Exile freed Ralegh, for Elizabeth had never let him wander too far from her side. Now he was able to sail in search of El Dorado. Trevelyan uses Ralegh’s account of the trip as well as Spanish sources to describe the journey, citing famous passages and offering insights from recent trips to the same region of Venezuela, such as a note on prostitutes near the modern town of El Dorado holding umbrellas and “picking their way through the muddy street in high heels.” Trevelyan does a fine job of recounting what is known about Ralegh’s quest but without the flourishes of interpretation that distinguish, for example, Charles Nicholl’s “The Creature in the Map: A Journey to El Dorado.”
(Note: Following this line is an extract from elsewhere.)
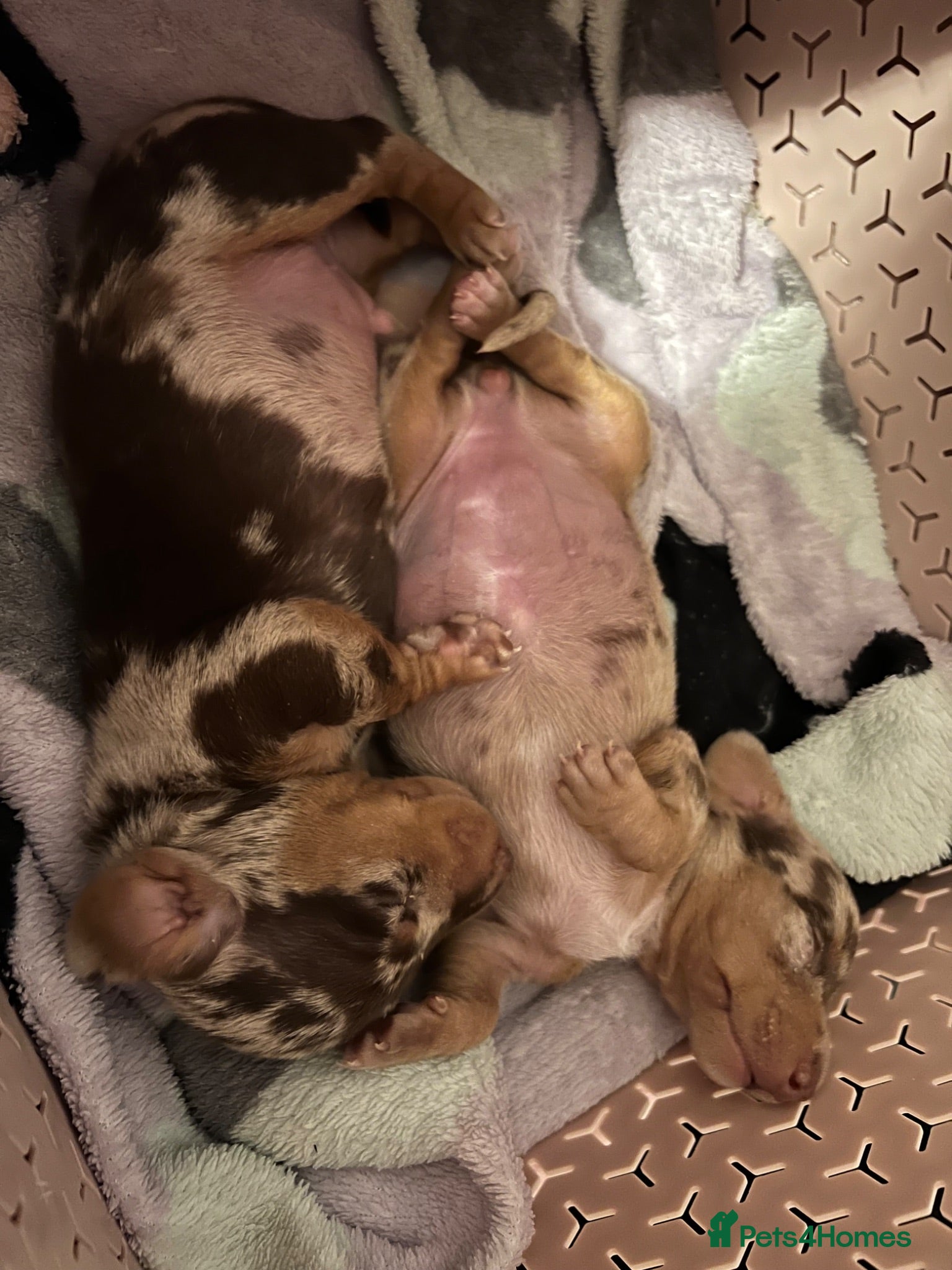Miniature Dachshund dogs Miniature dachshund puppies  - Advert 6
After Elizabeth died, Ralegh said she was “a lady whom time had surprised.” He, too, was unprepared for the change, and soon after James came to power in 1603, Ralegh was arrested and tried for treason. Trevelyan recounts the historic trial, the influential “History of the World,” which Ralegh wrote after he was convicted and confined once again to the Tower; his disastrous second voyage to South America aboard the aptly named Destiny that cost the life of his son and best friend; and his ultimate execution in 1618 with the same delicious asides and generous awareness of his readers that appear throughout the text.

Trevelyan shows that Ralegh was far more than a mere liar, but he never tells us why his life matters, why we should care. But perhaps a compelling story that gives up subtlety and balance for dramatic sweep is better seen than read: Scriptwriters, to your keyboards.